EXERCISE DATA >>
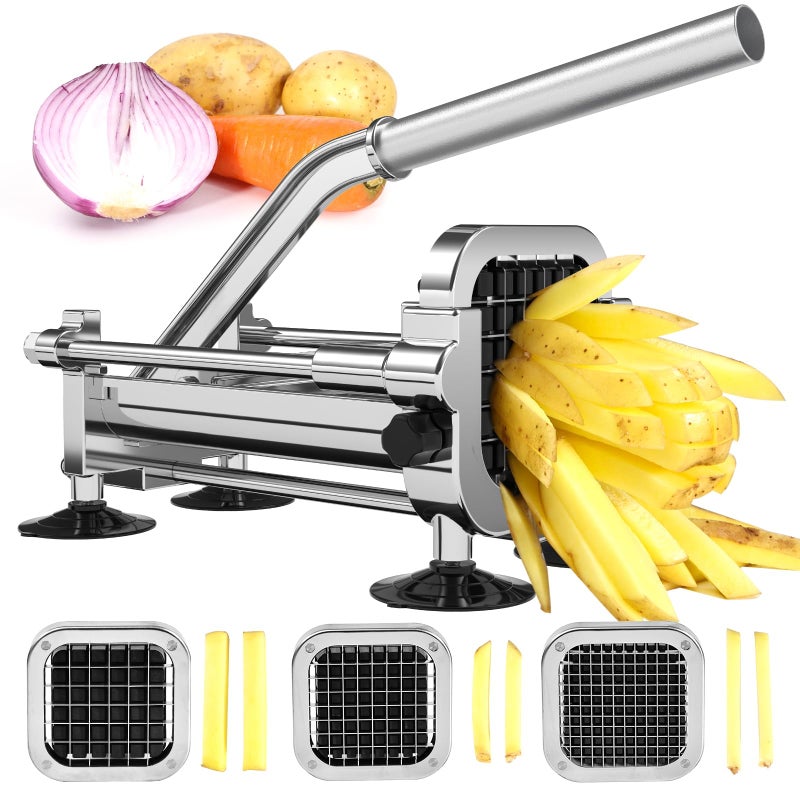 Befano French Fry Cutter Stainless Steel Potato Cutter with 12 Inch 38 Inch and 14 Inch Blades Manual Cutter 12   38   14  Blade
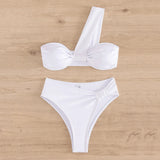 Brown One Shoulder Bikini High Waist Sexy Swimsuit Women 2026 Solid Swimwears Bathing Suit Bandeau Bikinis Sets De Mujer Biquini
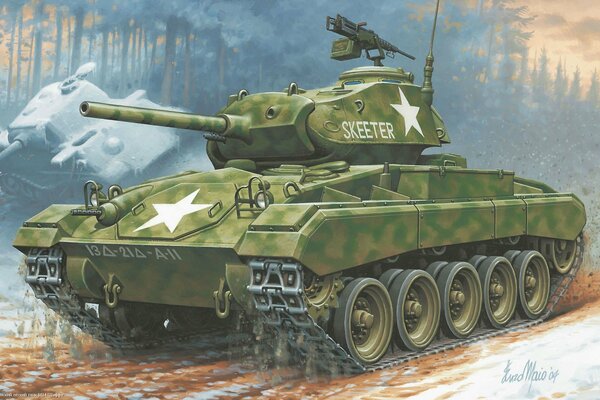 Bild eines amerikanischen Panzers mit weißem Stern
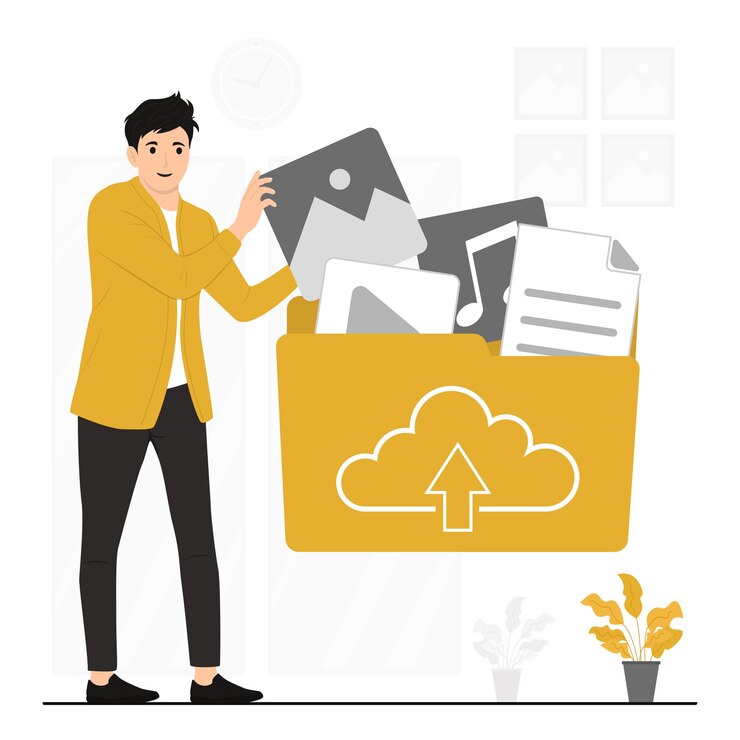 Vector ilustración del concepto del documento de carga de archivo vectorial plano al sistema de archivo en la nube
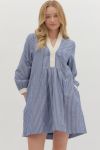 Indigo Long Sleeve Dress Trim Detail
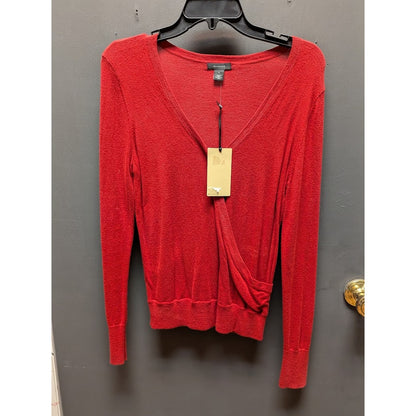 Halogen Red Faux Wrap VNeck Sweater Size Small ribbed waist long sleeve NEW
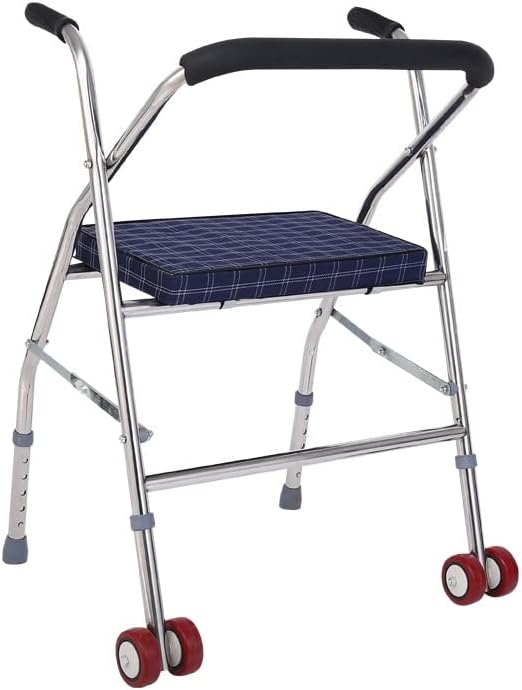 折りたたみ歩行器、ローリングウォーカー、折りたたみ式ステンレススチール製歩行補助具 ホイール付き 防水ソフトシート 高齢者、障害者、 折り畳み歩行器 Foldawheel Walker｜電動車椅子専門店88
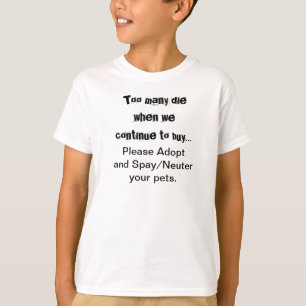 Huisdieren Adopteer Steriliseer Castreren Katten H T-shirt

--

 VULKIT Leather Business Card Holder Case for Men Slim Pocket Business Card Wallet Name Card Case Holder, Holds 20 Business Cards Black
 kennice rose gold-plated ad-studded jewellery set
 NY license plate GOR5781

AIM OF THE TASK >> Send back an exact copy of only the lines from the line with "kennice rose gold-plated" up to and including the line with "NY license plate GOR5781" in the data above.

COMPLETED TASK >>
 kennice rose gold-plated ad-studded jewellery set
 NY license plate GOR5781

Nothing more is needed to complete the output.